(Data records)
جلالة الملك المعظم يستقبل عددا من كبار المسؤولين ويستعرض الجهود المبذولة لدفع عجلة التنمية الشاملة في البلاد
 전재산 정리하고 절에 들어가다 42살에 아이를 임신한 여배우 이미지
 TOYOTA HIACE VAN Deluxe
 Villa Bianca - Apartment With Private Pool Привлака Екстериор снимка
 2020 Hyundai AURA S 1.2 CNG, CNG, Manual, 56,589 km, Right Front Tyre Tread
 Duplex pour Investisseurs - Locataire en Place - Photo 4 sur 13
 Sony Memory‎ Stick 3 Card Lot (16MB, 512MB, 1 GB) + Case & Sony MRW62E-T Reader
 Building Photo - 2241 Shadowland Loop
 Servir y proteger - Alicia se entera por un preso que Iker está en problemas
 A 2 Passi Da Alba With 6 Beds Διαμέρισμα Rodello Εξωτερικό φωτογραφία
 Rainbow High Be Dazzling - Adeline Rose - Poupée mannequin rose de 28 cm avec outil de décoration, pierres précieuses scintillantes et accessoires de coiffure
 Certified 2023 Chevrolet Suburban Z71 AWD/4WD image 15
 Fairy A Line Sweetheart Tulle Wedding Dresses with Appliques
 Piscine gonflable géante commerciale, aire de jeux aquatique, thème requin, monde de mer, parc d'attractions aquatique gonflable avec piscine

◆ TRY IT ◆
Within the entries above, some lines may contain "avec". Report how many, and nothing else.

◆ ANSWER TO THIS TASK ◆
2